A 90-year-old foot in the door

For 71 years, this Fuller Brush Man has driven the roads of central Washington in a sedan full of brooms, mops and stain removers. And he's cleaned up with a lot of hard work and a polished routine.

March 18, 2009|Kim Murphy

BURIEN, WASH. — He knows you know how to get the grunge off your stove top. Everybody does. But do you know the best way?

Probably, he says, you use one of those soapy steel wool pads. Sure, they work. But have you noticed how they get all rusty after you've used them a time or two? Then they start shedding yucky steel fibers under your fingernails.

What if he told you there was a pad that didn't make a mess at all? Cleans your stove right up with just a little bit of this degreaser. And it lasts a whole year. How many would you like? Now what about this nifty clamp for it, so you don't have to get those pretty hands wet?

For 71 years, Art Pearson has been plying the byways of central Washington in a sedan stuffed with brooms, stain removers, scented moth blocks and brushes for every wall, floor and nook known to man.

He may be the oldest working Fuller Brush Man -- a neatly pressed throwback to a time when the suburbs were sprouting three-bedroom dream homes like dandelions. When kitchens were clean. When a woman's work was never done. When there was no cleaning dilemma for which an appropriate brush could not be found.

"People talk about a recession? People still have to maintain their house. Everybody needs something to clean with," said Pearson, who will turn 91 in April. "And if you tell 'em it's made in the USA, that's what people want to hear. People like the product. Anybody could sell it if they wanted to go out and work."

To see Pearson on the doorstep in his dark gray suit, crisp white shirt and red-and-blue tie is to wake up on a summer morning with "I Love Lucy" on TV, the whistle of the Helms bakery truck outside and three months without school stretched ahead like Aladdin's carpet. So what if Mom is muttering on her hands and knees behind the toilet with a rag in her fist?

"I'll just step in a minute with your free gift," Pearson says, dangling a pastry brush and rubber spatula in a hint of treasures to come.

His routine is polished -- and rarely misses.

"When I first started, they told us, 'Don't go around in an old dirty shirt,' " Pearson says. "You dress up and look neat if you're selling high-quality merchandise," he says.

"We were taught, you come up to the door, you put your suitcase on the right-hand side, knock on the door, then step back two feet. And then say, "May I step in and give you your free gift?' You lay the velvet tray out and you demonstrate the merchandise."

Alfred C. Fuller, the Nova Scotia farm boy who started off in 1906 designing brushes on his workbench and selling them around town, created one of America's most formidable door-to-door sales empires. By the 1950s and 1960s, the Fuller Brush Co. had become an American institution, with overall annual sales reaching nearly $100 million.

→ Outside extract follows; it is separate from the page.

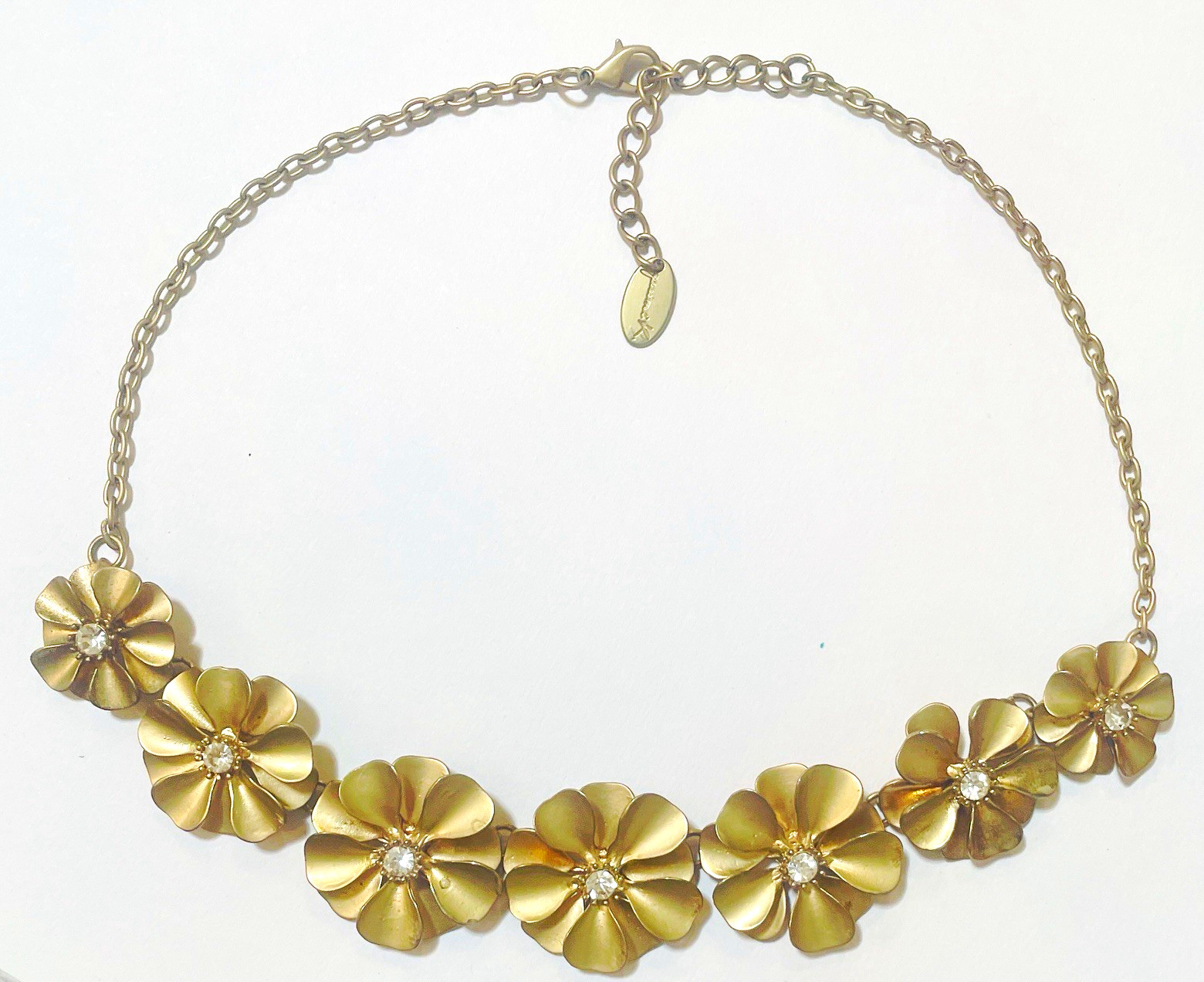 Youmi K sophisticated style Artistian line , known for being hand made signed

It traded on the idea that anyone could make money with a good product and a lot of hard work, and on a society that still could afford stay-at-home mothers who kept up with the neighbors by the gleam of the linoleum on their kitchen floors.

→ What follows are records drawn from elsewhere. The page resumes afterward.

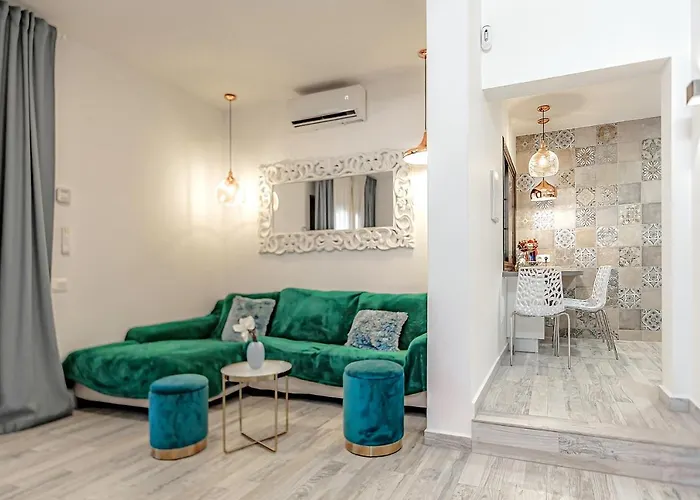 Deluxe Bungalow Perla Del Sur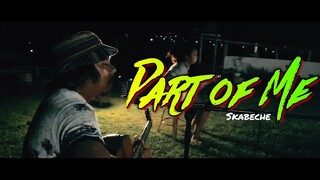 Part Of Me - Skabeche | Kuerdas Acoustic Reggae Cover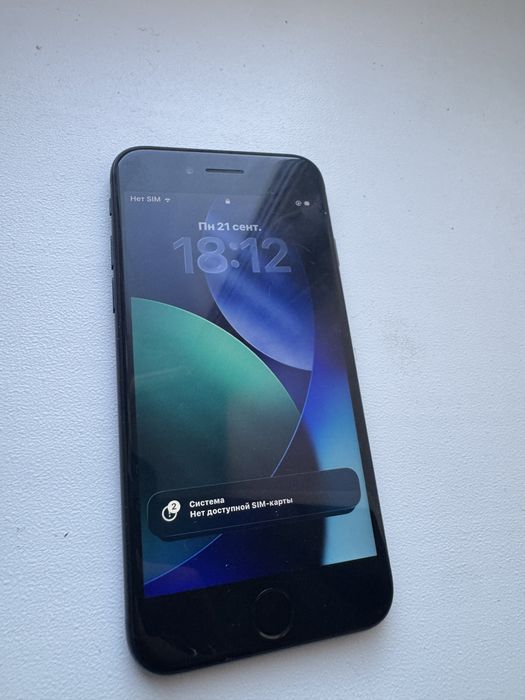 Iphone SE 2020 года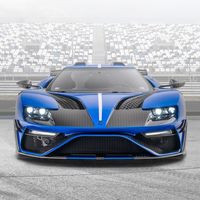 Ford GT Le Mansory, una bestia de más de 700 hp y limitada sólo a tres unidades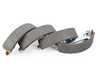 ES#3981296 - 1H0698520X - Rear Brake Shoe Set - Contains only the rear brake shoes - Pagid - Volkswagen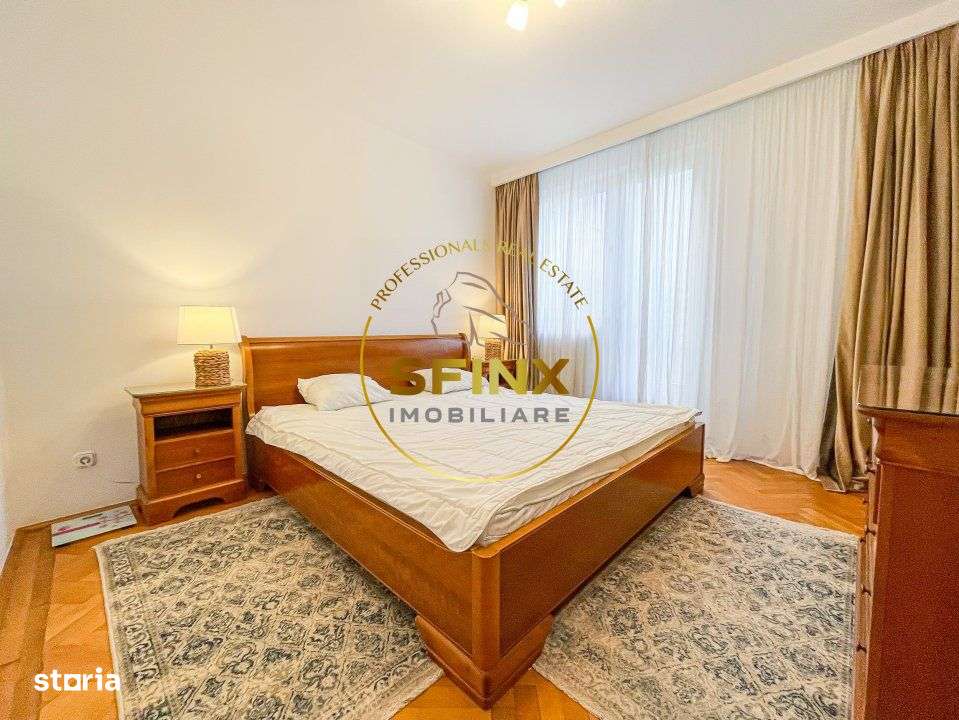 Domenii Casin Herastrau 4 camere, loc parcare - Imagine principală: 3/19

"My life is proof of the tremendous power available to everyone to vault above his own deficiencies," Fuller wrote in his autobiography, "A Foot in the Door."

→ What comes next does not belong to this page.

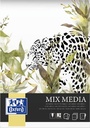 oxford mix media blok 25v a3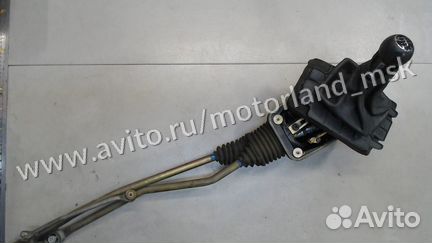 Кулиса кпп Audi A4 (B6), 2003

Fuller's particular niche was to make a better brush, and a brush for almost anything. A catalog from the 1960s featured a water-streaming shower brush, brushes for complexions, manicures, shaving, jars, bottles, lint, percolators, teeth, dentures and paint, along with various mops and brooms.

"Every woman wants to stay as young and attractive as she can. She wants a clean, fresh, radiant complexion . . . soft, lustrous hair. And she is equally interested in the appearance of her home," says the catalog's introduction. "Your Fuller Brush Man will gladly demonstrate how each Fuller item in this book can help make your life less work and more fun."

Over the years, legions of Fuller salesmen went house to house, ready at the slightest sign of encouragement to let loose a load of popcorn on the floor in order to demonstrate the abilities of the motorless carpet sweeper or to scrub the soot off the wall behind the radiator (without scratching the wallpaper!)

"See, here's the thing I learned," Pearson says. "When I call on you, I don't say: 'I'm the Fuller Brush Man.' You'll say, 'I don't need any brushes.' I come to the door and I say, 'I'm the Fuller Man.' That way I get in, I tell people what's on sale, what's good.

"Then I've just got a habit of checking out a house when I come in, see what they might need. My eyes flip around the room. I might suggest a wall brush to clean the ceiling, and I often go for the pre-laundry stain cleaner. I always go into that. I learned, sell three things at a time. Never sell just one."